One wonders, at the end of chapter 4, whether there is anything left of the LoveSingapore movement for a Pentecostal theology. Tan-Chow, surprisingly, thinks that there is and offers her reasons. First, LoveSingapore has bequeathed to the churches important “deep symbols,” such as love, unity, shalom, the kingdom of God, and the empowerment of the Holy Spirit, which could be retrieved for a solid Pentecostal theology even if these symbols have become “atrophied” (p. 99). But given the critique that exposes the vacuity of these symbols, one must ask if they could still be regarded as “deep symbols.” Second, Tan-Chow believes that the two “critical resources” of scripture and history could reshape “empirical Pentecostalism” and realize “LoveSingapore’s potential for good” (p. 119, 99). Scripture provides an integrated pneumatology while early Pentecostal history reveals many positive elements (chapter 5 cf. chapter 3). In chapter 6, Tan-Chow offers her own theological proposal for a constructive Pentecostal theology using these resources.
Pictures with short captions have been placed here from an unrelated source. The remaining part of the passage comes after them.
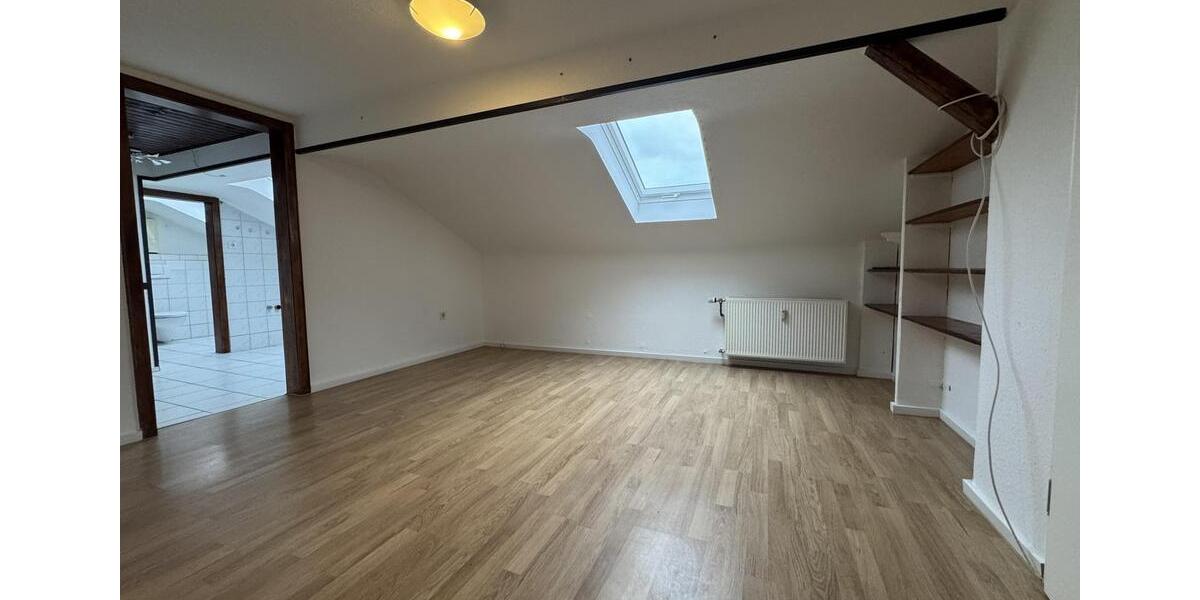 Gemütliche DG-Wohnung in Herkenrath für Familie oder WG 4 zimmer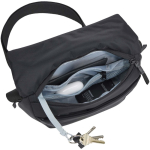 Bolsa bandolera versátil con doble compartimento 2L Thule color negro segunda vista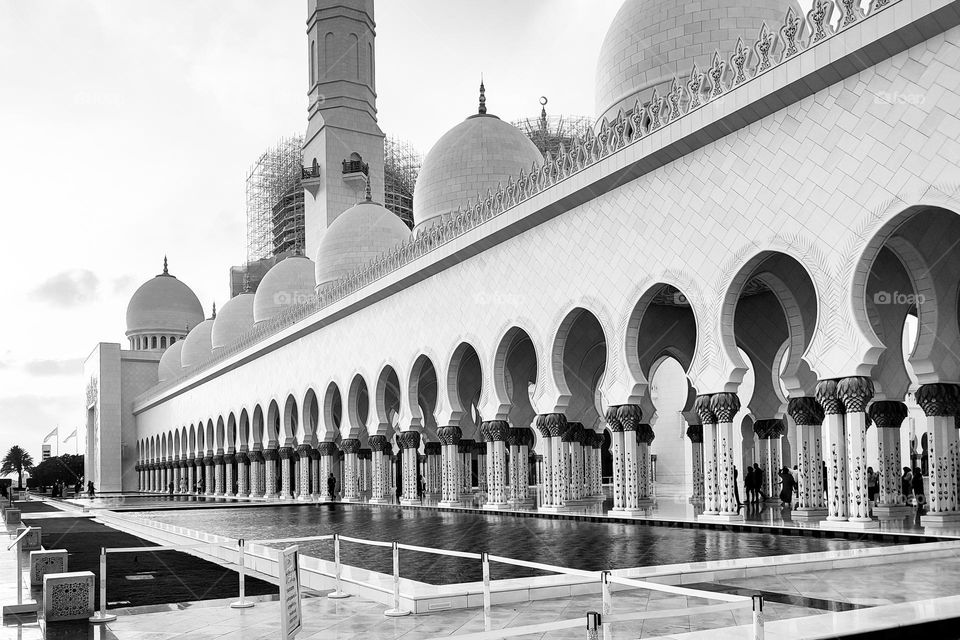 Abu Dhabi, White Mosque, Incredible Architecture in B&W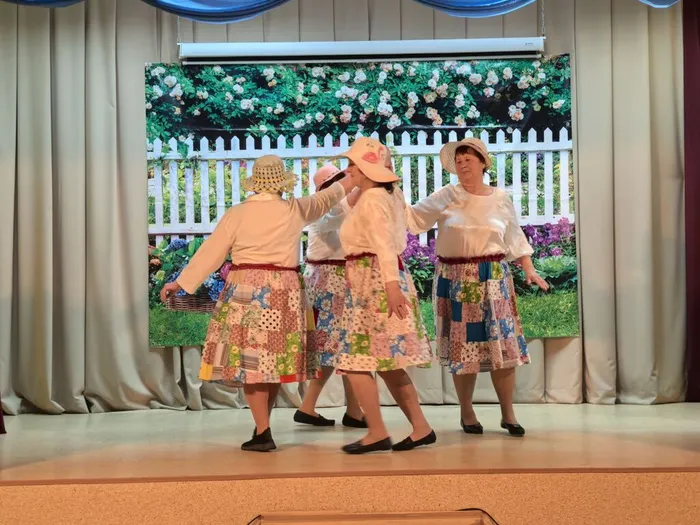 photo_5285262540168434964_y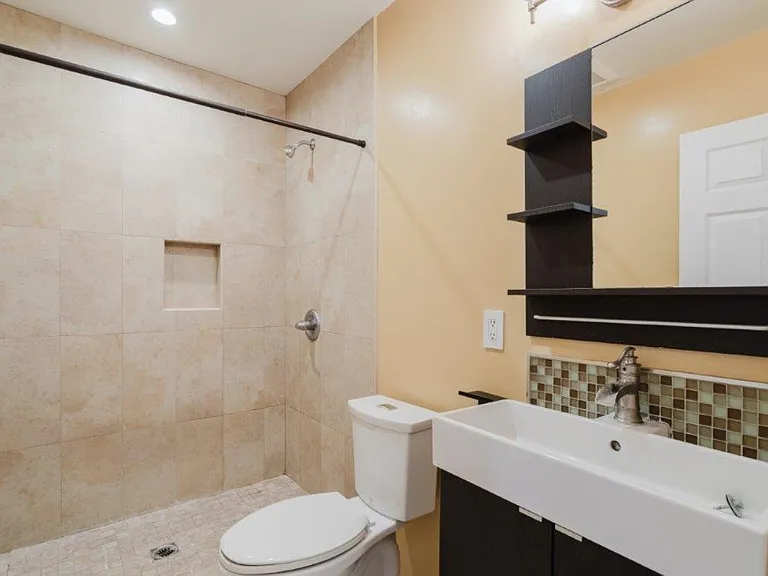 336 W Lexington Dr — Photo 7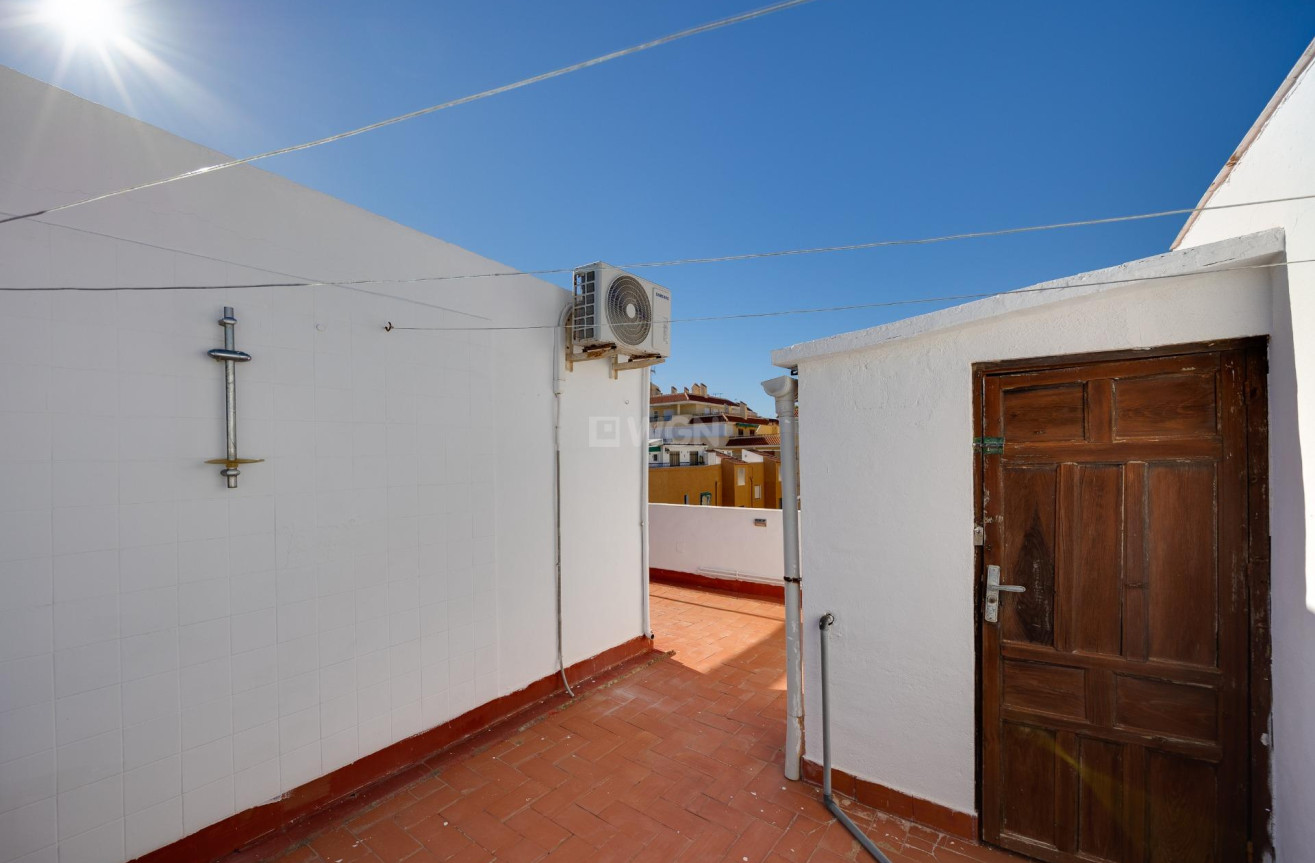 Odsprzedaż - Bungalow - Torrevieja - La Mata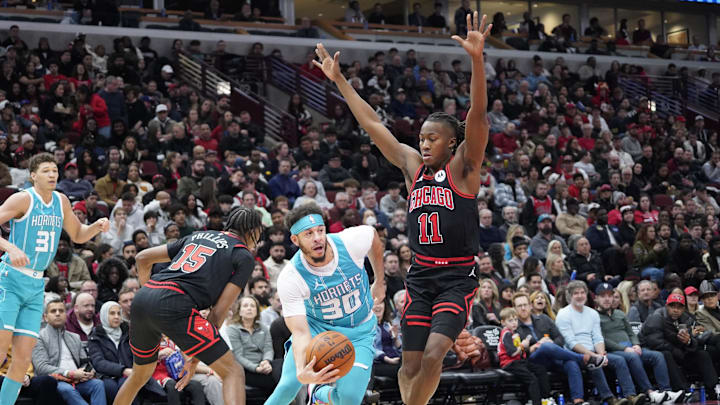 Jan 17, 2025; Chicago, Illinois, USA; Chicago Bulls guard Ayo Dosunmu (11) defends Charlotte Hornets guard Seth Curry (30) during the second half at United Center. Mandatory Credit: David Banks-Imagn Images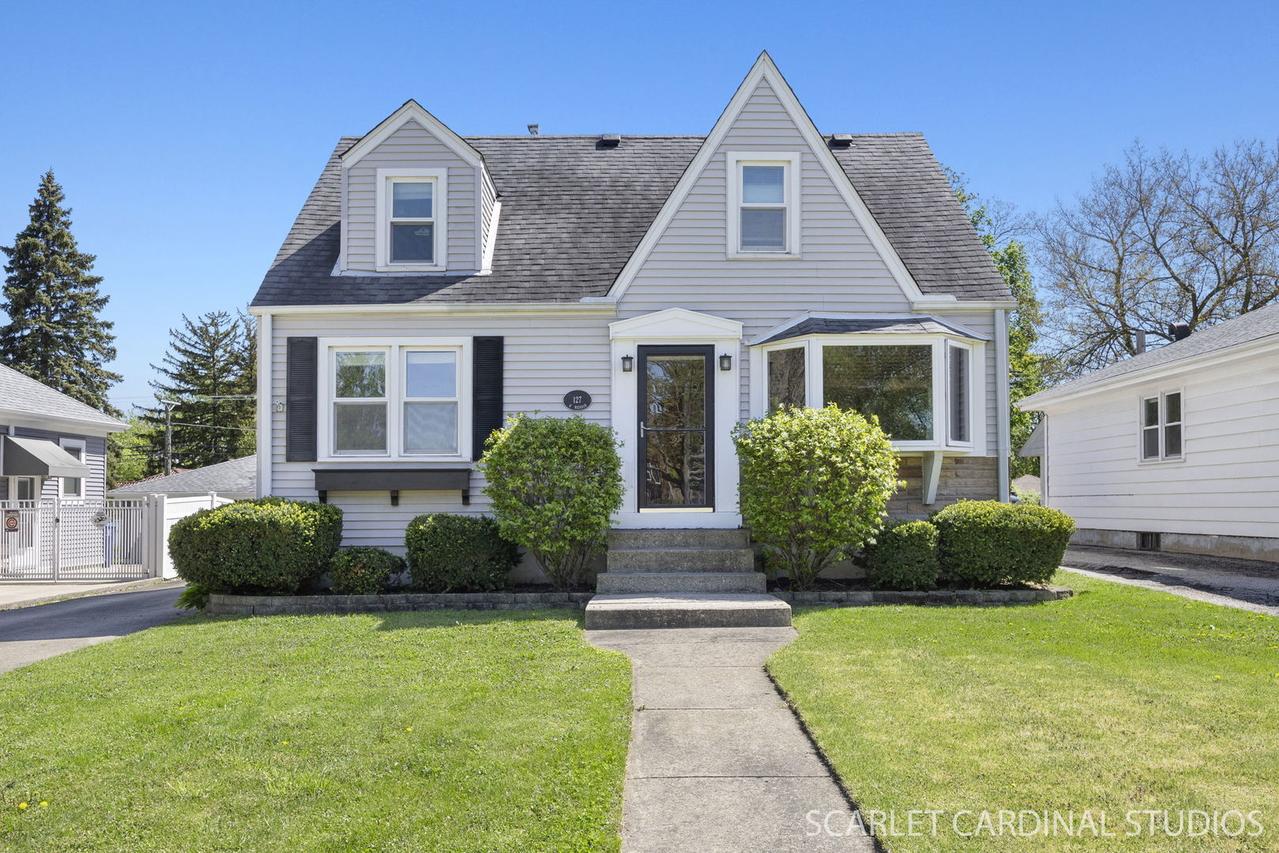 127 W Madison St., Villa Park, IL 60181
The key concept is “pneumatological eschatology,” which involves remembering and embodying the constructive elements of early Pentecostal history and the Spirit’s work of orienting the church to “new” things, including the religious “other” (pp. 125-126). The concluding chapter offers practical suggestions on the “ethic of negotiation,” which operates on the principle of embracing the “other” without compromising one’s own integrity (p. 157). This last proposal will probably stretch Pentecostals to their utmost limits. Pentecostals would be hard put to recall any historical precedents on negotiating with the religious other. The whole Pentecostal tradition has been quite unanimous that the gift of the Spirit is for Christianizing the world rather than dialoging with it.

Although Tan-Chow’s theological construction holds great promise, I am not as optimistic that it would help LoveSingapore effect the necessary transformations, given the fact that its basic operating assumptions are not deeply rooted in scripture or the Christian tradition but in pragmatism. Furthermore, LoveSingapore is very much conditioned by the prevailing culture. LoveSingapore has as much potential for embracive inclusion as stones have the potential of becoming the proverbial “stone soup”–if all the other ingredients for good soup are added. Tan-Chow has provided excellent ingredients, but, then, why bother making stone soup?